Conversely, $DC$ voltage impacts metal ion binding and transmembrane transportation (INFL.48.DC5vsDC1).

Finally, DC1 compared to any AC appears to elicit molecular function activity via protein binding and transporter activity and reduced purine binding more effectively at 10 Hz than 100 Hz, where we see a mildly reduced set of enriched functions.

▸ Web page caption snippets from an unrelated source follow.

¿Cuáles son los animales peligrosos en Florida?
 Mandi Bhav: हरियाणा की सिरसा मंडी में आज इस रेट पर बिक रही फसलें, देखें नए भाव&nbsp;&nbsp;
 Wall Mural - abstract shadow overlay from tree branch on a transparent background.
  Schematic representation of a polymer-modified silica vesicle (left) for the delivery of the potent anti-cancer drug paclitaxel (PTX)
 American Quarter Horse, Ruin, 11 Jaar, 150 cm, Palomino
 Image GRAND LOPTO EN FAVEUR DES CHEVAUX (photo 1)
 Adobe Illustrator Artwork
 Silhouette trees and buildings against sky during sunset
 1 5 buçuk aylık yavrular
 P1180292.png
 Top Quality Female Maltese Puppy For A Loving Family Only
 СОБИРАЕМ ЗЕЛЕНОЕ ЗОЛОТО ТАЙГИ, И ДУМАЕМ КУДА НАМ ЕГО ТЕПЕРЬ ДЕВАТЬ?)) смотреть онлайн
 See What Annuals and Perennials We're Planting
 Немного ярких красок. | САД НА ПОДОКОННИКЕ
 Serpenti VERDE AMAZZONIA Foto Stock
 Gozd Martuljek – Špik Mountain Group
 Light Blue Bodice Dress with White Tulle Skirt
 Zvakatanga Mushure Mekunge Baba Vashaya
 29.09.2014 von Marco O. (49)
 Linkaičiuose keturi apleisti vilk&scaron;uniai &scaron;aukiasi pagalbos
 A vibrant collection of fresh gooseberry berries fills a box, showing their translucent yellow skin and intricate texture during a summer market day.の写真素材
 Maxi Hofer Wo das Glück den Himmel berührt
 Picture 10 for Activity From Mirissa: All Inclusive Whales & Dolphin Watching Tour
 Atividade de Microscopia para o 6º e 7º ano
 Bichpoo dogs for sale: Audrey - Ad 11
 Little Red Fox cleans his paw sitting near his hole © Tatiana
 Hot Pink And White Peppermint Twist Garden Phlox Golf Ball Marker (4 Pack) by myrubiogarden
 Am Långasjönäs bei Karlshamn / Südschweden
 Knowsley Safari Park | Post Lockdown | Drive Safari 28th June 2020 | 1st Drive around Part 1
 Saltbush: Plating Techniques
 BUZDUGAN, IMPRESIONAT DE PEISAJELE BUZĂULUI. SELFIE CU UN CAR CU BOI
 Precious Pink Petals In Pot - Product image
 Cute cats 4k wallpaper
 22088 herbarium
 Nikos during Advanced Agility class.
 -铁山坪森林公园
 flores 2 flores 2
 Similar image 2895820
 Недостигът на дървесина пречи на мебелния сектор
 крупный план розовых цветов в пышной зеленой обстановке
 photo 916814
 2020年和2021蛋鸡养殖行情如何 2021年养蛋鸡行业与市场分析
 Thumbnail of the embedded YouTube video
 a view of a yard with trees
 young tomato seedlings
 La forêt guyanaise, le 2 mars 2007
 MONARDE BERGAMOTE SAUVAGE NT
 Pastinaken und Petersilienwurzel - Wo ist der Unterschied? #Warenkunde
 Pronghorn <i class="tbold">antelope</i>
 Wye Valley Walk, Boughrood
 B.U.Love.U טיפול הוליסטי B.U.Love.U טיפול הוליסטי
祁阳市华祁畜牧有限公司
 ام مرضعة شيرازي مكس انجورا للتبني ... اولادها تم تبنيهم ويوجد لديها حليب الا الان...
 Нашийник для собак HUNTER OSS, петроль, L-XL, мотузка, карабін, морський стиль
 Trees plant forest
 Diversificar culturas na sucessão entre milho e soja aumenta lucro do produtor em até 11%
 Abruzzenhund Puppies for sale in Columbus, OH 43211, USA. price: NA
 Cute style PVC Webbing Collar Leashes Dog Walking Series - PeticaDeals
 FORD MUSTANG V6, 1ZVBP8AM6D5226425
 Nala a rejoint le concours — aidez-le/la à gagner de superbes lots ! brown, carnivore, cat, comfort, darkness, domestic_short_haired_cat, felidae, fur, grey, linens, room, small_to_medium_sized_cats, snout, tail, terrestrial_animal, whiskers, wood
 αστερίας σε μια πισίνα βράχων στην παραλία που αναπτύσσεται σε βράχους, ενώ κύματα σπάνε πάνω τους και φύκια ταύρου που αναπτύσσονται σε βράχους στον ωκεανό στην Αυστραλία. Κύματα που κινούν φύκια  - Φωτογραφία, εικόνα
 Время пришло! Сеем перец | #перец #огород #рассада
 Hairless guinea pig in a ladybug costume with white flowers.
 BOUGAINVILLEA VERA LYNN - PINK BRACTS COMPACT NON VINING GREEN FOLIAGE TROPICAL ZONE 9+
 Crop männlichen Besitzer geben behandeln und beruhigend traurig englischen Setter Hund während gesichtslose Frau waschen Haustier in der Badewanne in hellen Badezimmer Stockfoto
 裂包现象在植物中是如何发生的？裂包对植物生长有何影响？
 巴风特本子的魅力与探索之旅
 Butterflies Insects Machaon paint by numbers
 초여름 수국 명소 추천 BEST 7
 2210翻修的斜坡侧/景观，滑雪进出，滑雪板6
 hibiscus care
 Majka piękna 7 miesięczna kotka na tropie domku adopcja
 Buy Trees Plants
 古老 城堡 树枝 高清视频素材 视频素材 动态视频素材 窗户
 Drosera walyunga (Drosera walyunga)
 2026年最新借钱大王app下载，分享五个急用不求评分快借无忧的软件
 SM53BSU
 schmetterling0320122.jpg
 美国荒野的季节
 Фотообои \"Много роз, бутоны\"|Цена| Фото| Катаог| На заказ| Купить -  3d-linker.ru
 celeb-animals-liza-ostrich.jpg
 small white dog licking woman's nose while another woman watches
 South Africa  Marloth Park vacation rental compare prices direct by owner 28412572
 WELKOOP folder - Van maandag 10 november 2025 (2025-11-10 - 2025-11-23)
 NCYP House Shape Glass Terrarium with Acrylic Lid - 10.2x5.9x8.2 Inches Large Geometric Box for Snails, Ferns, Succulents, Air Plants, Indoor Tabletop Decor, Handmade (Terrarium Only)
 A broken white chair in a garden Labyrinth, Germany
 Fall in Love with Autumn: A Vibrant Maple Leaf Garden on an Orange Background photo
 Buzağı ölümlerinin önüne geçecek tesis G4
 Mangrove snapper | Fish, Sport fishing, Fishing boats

This is even more pronounced at 5 V DC, which presents no differential activity when compared to AC100, and reduced purine binding in AC10 (INFL.48.DC5vsAC10). Overall purine binding appears to represent the core of the activity of AC10.

4. Conclusions

We have completed our first systematic exploration of the molecular landscape affected by ES in inflamed conditions. Despite the clear limits of our model and the number of stimuli, we determine from this study that ES is a versatile tool able to elicit a variety of effects that are time-, state- (inflamed or not), modulation- (direct or alternate current), and voltage intensity-dependent. While this offers additional and unprecedented information on the effects of ES, more detailed mechanistic insights in particular, regarding inflammation and senescence are needed to accelerate the potential for translation. Importantly, our result confirms that caution in the application of ES should be taken given the very diverse effects obtained. Finally, we wish to highlight that while the simplicity of our construct represents a limit in the translation of the result, it also clearly highlights how ES has an impact on basic and highly conserved mechanisms that are unrelated to the autonomic nervous system and which should be taken into consideration in bioelectronic medicine. We hope that this first overview will trigger more complete and systematic analyses to better elucidate the potential and limitations of such approaches for the greatest benefit of patients.